On the properness of some optimal binary linear codes of dimension at most seven
by
Rossitza Dodunekova
Mathematical Sciences, Chalmers University of Technolöogy
Coauthors: S. M. Xiaolei Hu

A linear code is said to be proper for error detection over a symmetric memoryless channel if its undetected error probability is an increasing function of the channel symbol error probability. The error detection performance of a proper code is better in channels with smaller symbol error probability, which property makes the code sufficiently appropriate for use in channels where the symbol error probability is not known exactly.

Properness and other kinds of optimality seem to be closely related, since many codes known to be optimal in one sense or another, or close to optimal, such as Perfect codes over finite fields, Maximum Distance Separable (MDS) codes, Near MDS codes, and Maximum Minimum Distance codes, turn out to be proper as well.

Most of the above codes have been shown to be proper by using certain sufficient conditions for properness expressed in terms of the extended binomial moments of the code.
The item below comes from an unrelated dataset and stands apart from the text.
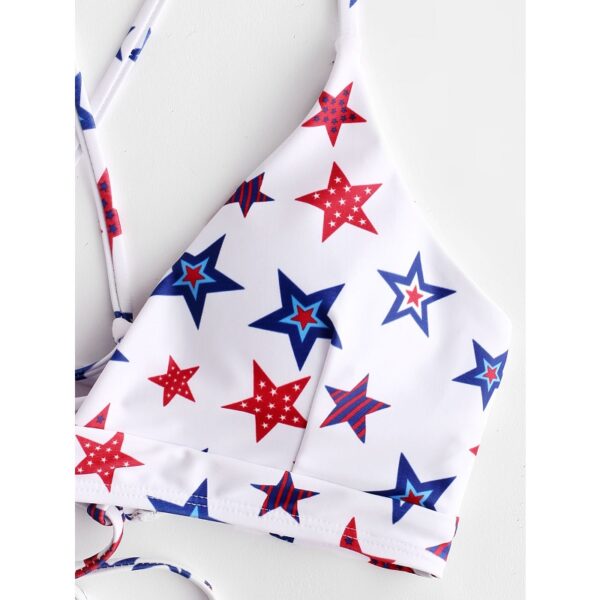 American Flag Lace-Up Bikini Swimsuit - Image 4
These moments form a monotone sequence which makes them appropriate for the study of the undetected error probability. They admit certain upper and lower bounds expressed in terms of only the basic parameters of the code.
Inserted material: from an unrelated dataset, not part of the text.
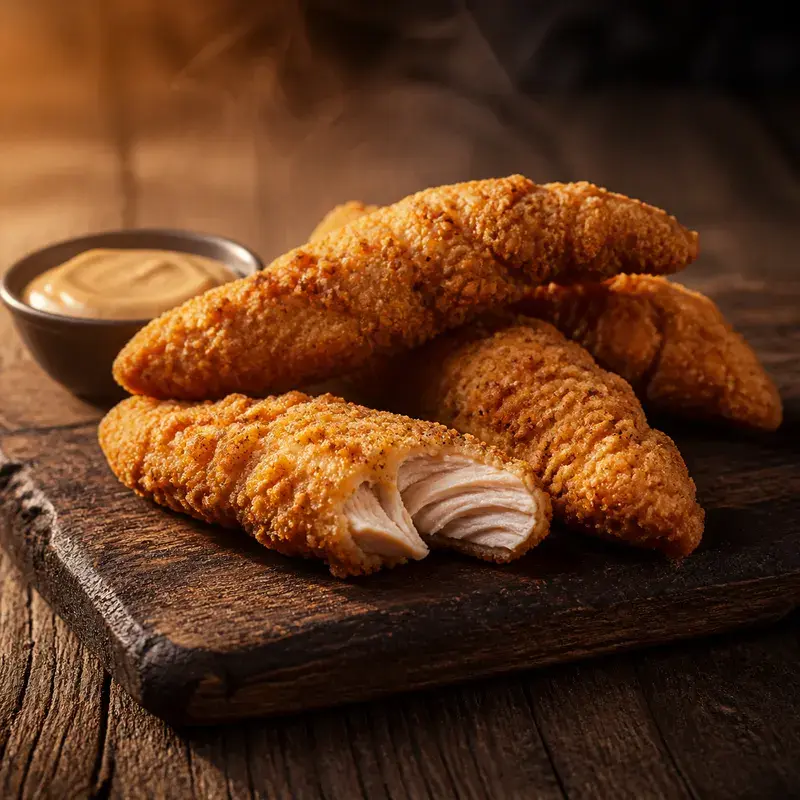 Chicken Fingers mit panierte Hühnerfiletstreifen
In this paper we study some optimal codes of dimension at most seven with regard to properness. Using the sufficient conditions mentioned above we show that the codes and their duals are proper. This result supports the idea of a positive correlation between properness and other kinds of optimality. One interesting observation based on computer graphs is that the extended binomial moments of these proper codes are rather close to the general lower bound mentioned above.

Date received: February 21, 2008